Choosing Between Lower Taxes Now & More Benefits Later
The decision comes down to at least a couple of factors. One is your level of earnings that will ultimately be used in determining the AIME and how that compares to the “bend points” that are used in calculating the PIA. The higher your earnings over the course of your career, the more likely it is that your AIME will surpass the first, and possibly even second, bend points. If your AIME is past the first bend point, the increase to the Social Security benefit is diminished, and is even more diminished if your AIME goes past the second bend point.
In other words, the higher your indexed earnings (which leads to a higher AIME), the less dramatic the impact of lowering your salary is likely to be to your future Social Security benefits. However, if your AIME would be under the first bend point, reducing your income to try to avoid FICA taxes could have an outsized negative impact on your future benefits.
The other major factor is what you think will happen to the Social Security system over the next 20-30+ years. While a detailed discussion of options to increase the program’s long-term solvency is the subject of a different article, I believe that Social Security will be around for a very long time. However, it also seems quite evident that changes will need to be made in order to achieve that longevity, meaning the program will likely look different at some point in the future than it does today. We have already seen one recent step with Congress closing the file-and-suspend “loophole” in their October 2015 budget deal.
As a consequence of future changes, there will be a heavier emphasis on providing as much of your own retirement income as possible. That is why I suggest that people, especially those in the younger generations, plan as if Social Security will not be around when they are older, and then any benefit they do receive will be icing on the cake. This uncertainty also means it may be worthwhile for younger generations of self-employed to take steps to avoid higher FICA taxes now, even though they know that that could reduce their future benefits.

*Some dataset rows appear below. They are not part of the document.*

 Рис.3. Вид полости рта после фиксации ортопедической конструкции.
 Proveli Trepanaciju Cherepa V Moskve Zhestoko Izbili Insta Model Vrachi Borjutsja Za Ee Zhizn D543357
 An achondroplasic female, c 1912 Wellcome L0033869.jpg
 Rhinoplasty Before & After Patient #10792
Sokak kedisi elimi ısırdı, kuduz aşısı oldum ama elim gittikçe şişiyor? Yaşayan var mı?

However, this strategy will only prove beneficial if you take those FICA “savings” and actually save and invest them elsewhere in order to grow your personal portfolio of assets to use during retirement. In other words, you do yourself no good if you lower your earnings to save on FICA taxes (likely lowering your future Social Security benefits) if you go out and spend the FICA “savings.”
Rather, the concept is that you are trading lower future Social Security benefits for increased savings, investments, and control over your money. Essentially, you want to make yourself better off from a tax perspective in the short-run and better off from a savings and investment perspective in the long-run. If you don’t put the FICA “savings” away for the future, you will end up being better off from a tax perspective in the short run, and worse off from a savings and investment perspective in the long-run. In other words, you would be trading short-term gain, for long-term pain.

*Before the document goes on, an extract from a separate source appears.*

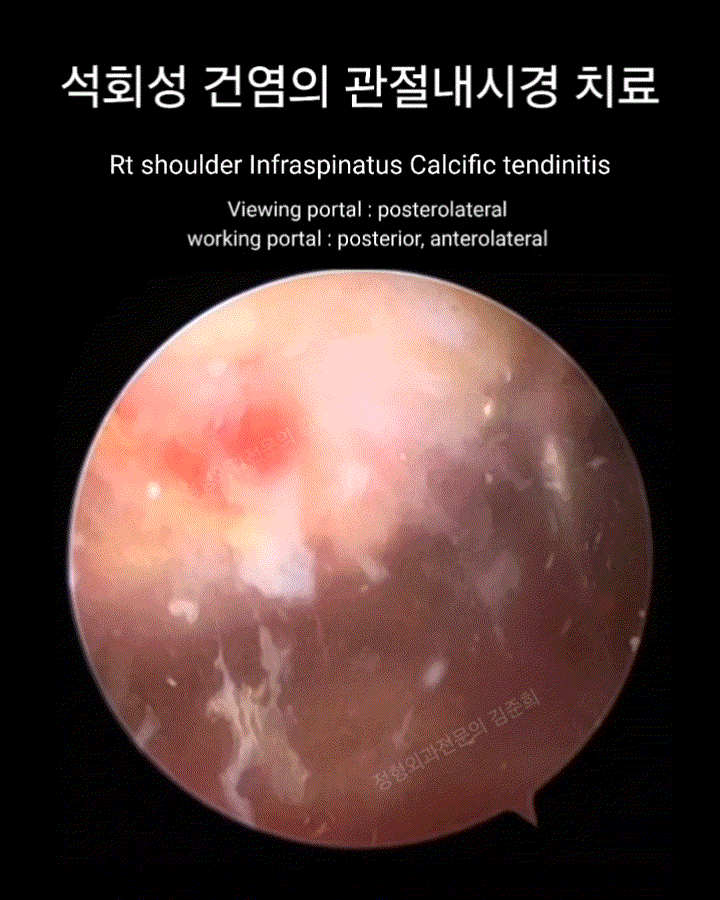 [정형외과 전문의] 어깨 석회성 건염 관절내시경 수술, 숨어 있는 석회를 쉽게 찾는 Technical Ti....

Final Thoughts: Consider & Consult
As with anything, everyone’s situation is different and whether you should actively attempt to lower your earnings base to avoid higher FICA taxes is no different. Given the implications with regard to taxes and future Social Security benefits, you should consult with your CPA and financial planner prior to setting up such a structure.
As noted, lowering your income that is used to calculate your Social Security benefits can negatively impact the level of benefits you receive in the future. So, it may not make sense for all taxpayers to take steps to avoid FICA taxes. However, in the right situation it can make a lot of sense not only in the short-term, but for your long-term benefit as well.